## EXERCISE GOAL
In the listing below, find the line with "Jack & Jones" and copy every line from there up to and including the line with "Foto van Dacia Logan", exactly and without pictures.

## DATA FOR PROCESSING
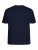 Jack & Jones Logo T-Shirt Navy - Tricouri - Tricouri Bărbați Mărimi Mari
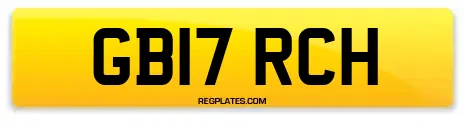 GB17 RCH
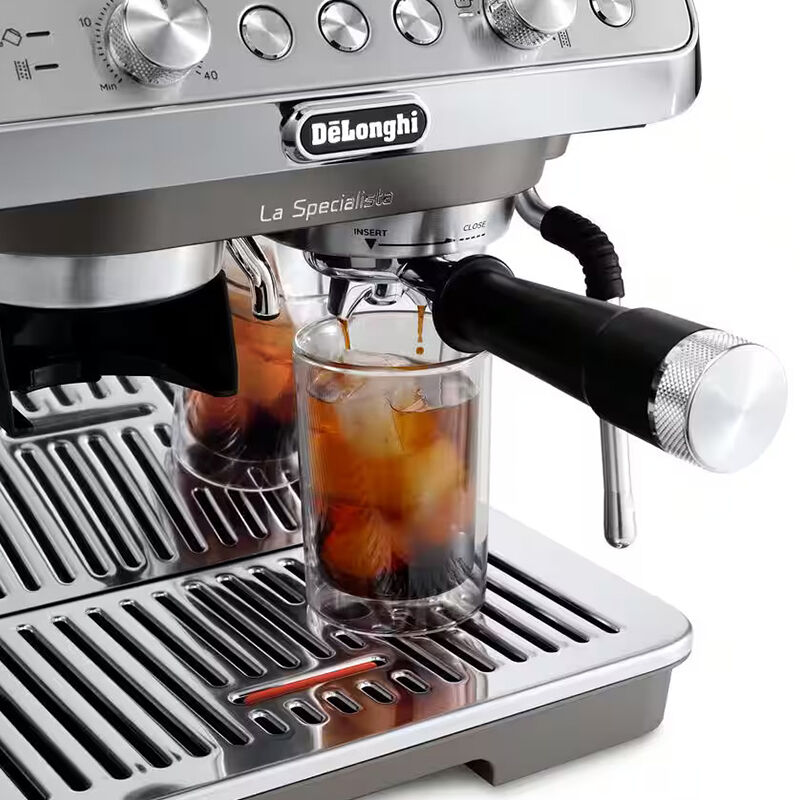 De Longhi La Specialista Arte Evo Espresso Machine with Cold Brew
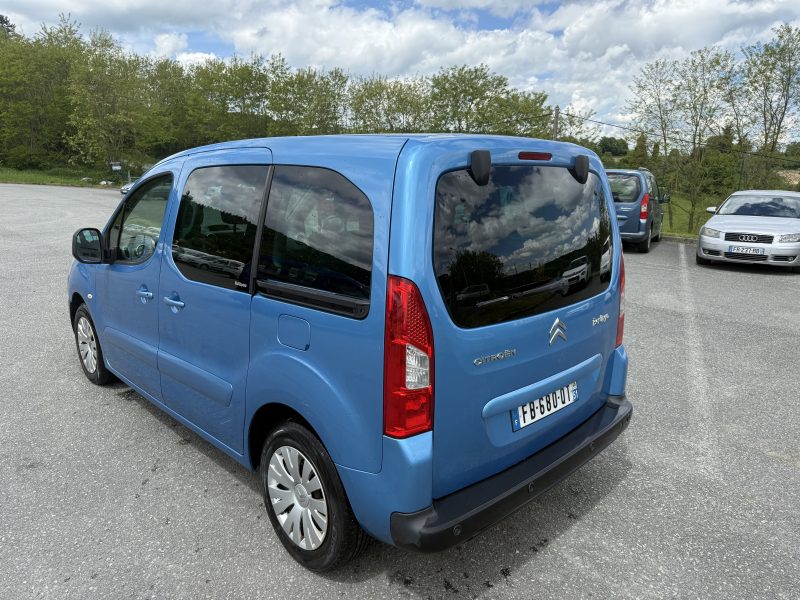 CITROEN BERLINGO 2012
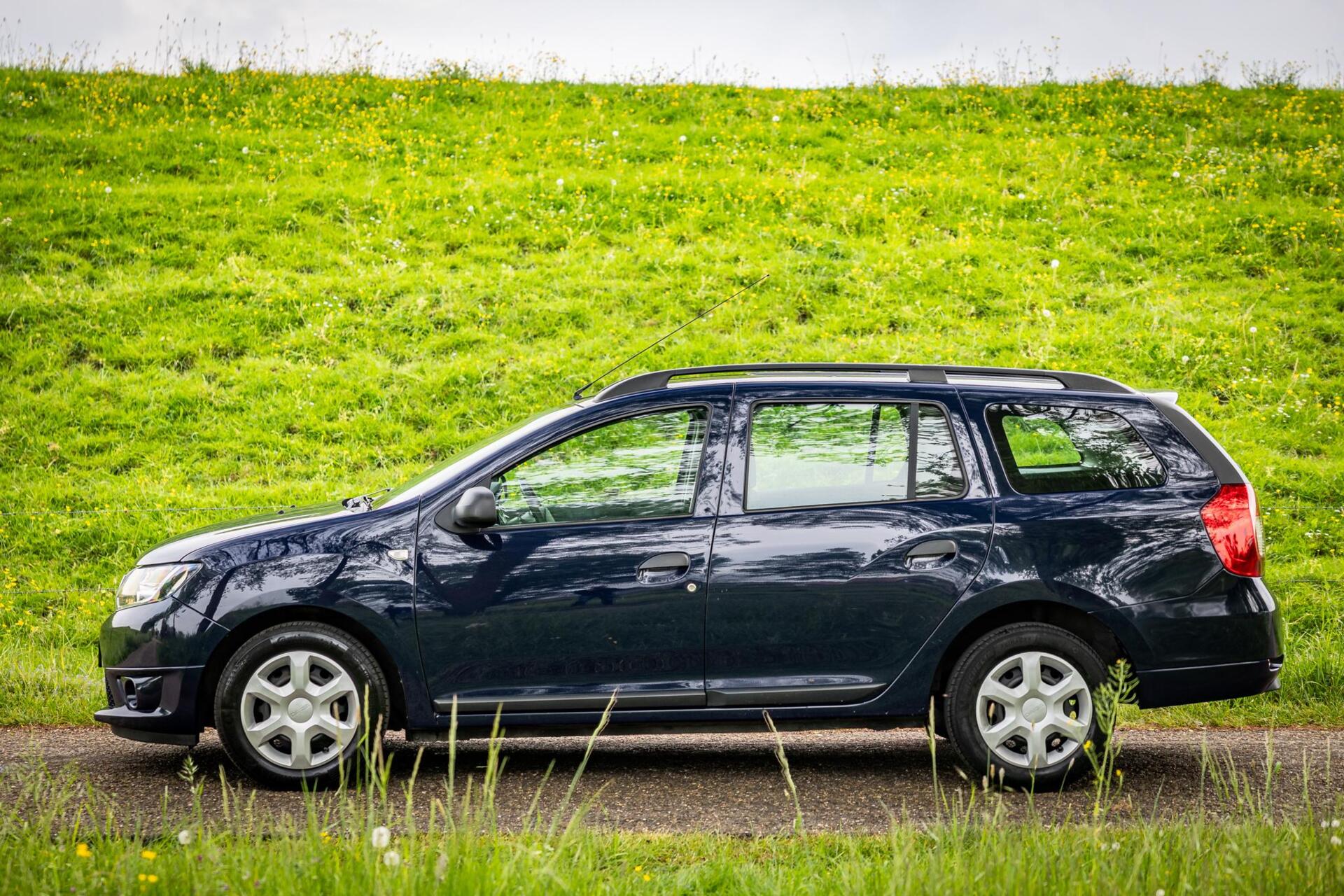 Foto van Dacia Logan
==
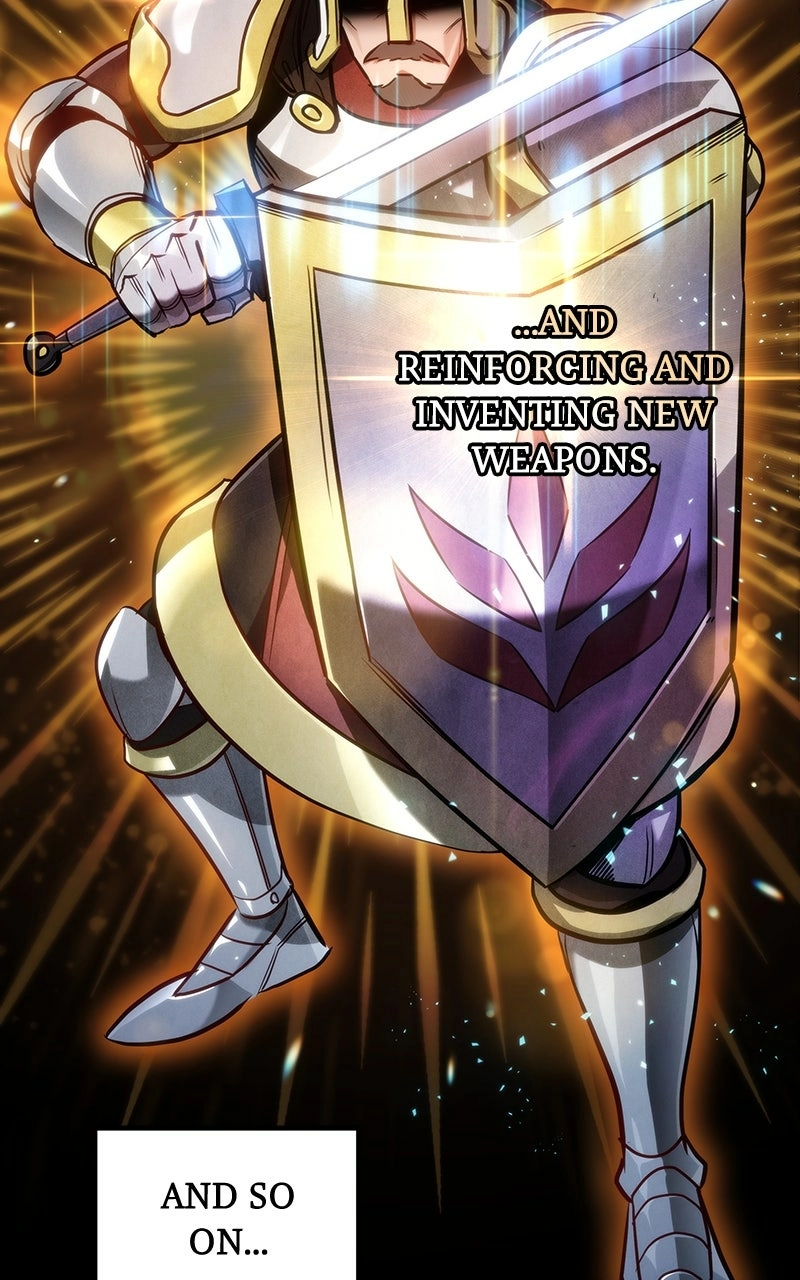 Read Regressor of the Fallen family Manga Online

## EXERCISE ANSWER
 Jack & Jones Logo T-Shirt Navy - Tricouri - Tricouri Bărbați Mărimi Mari
 GB17 RCH
 De Longhi La Specialista Arte Evo Espresso Machine with Cold Brew
 CITROEN BERLINGO 2012
 Foto van Dacia Logan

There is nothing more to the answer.